Cloud providers (:anthropic, :openai, :google) source their catalog from a bundled LLMDB snapshot loaded offline at startup — no network call required. Local providers (:ollama, :llama_cpp) query the running server at call time.

# List all providers
AI.list_providers()
#=> [:anthropic, :openai, :google, :ollama, :llama_cpp]

# List models for a provider
AI.list_models(:anthropic)
#=> [%Planck.AI.Model{id: "claude-opus-4-7", ...}, ...]

# Fetch a specific model by ID
{:ok, model} = AI.get_model(:anthropic, "claude-sonnet-4-6")
{:error, :not_found} = AI.get_model(:anthropic, "does-not-exist")

Anthropic

models = AI.list_models(:anthropic)
{:ok, model} = AI.get_model(:anthropic, "claude-sonnet-4-6")

Requires ANTHROPIC_API_KEY.

OpenAI

models = AI.list_models(:openai)
{:ok, model} = AI.get_model(:openai, "gpt-4o")

Requires OPENAI_API_KEY.

Google Gemini

models = AI.list_models(:google)
{:ok, model} = AI.get_model(:google, "gemini-2.5-flash")

Requires GOOGLE_API_KEY. Models that support extended thinking have supports_thinking: true set in the catalog. To enable thinking on a request, pass the budget via the Google-specific opt:

AI.stream(model, context, google_thinking_budget: 8_192)

Ollama

Ollama has no static catalog — the available models depend on what you have pulled into your local instance. Use all/1 to discover them at runtime, or model/2 to build one directly:

# Discover all models from the running server
models = Planck.AI.Models.Ollama.all()
models = Planck.AI.Models.Ollama.all(base_url: "http://10.0.0.5:11434")

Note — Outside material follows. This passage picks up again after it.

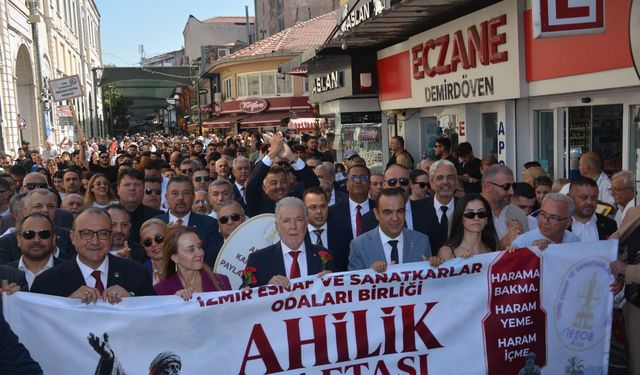 Ahilik Haftası’na festival tadında kutlama: İlkelere her zamankinden daha çok ihtiyaç var!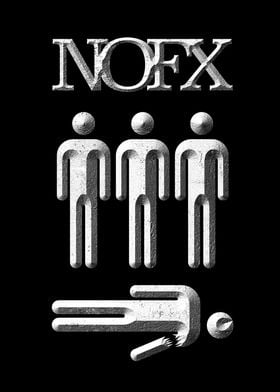 NOFX stone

# Build a model struct directly (no server call)
model = Planck.AI.Models.Ollama.model("llama3.2")
model = Planck.AI.Models.Ollama.model("deepseek-r1",
  base_url:          "http://10.0.0.5:11434",
  context_window:    64_000,
  max_tokens:        8_192,
  supports_thinking: true
)

Ollama must be running at http://localhost:11434 (or the specified base_url). No API key needed.

llama.cpp

llama.cpp has no static catalog because the loaded model depends on your server. Use all/1 to discover models, or model/2 to build one directly:

# Discover models from the running server
models = Planck.AI.Models.LlamaCpp.all(base_url: "http://localhost:8080")
models = Planck.AI.Models.LlamaCpp.all(base_url: "http://10.0.0.5:8080", api_key: "secret")

# Build a model struct directly
model = Planck.AI.Models.LlamaCpp.model("mistral-7b",
  base_url:       "http://localhost:8080",
  context_window: 32_768,
  max_tokens:     4_096
)

Pass api_key: when the server requires a token — it is sent as a Bearer header in both all/1 (discovery) and via req_llm during inference.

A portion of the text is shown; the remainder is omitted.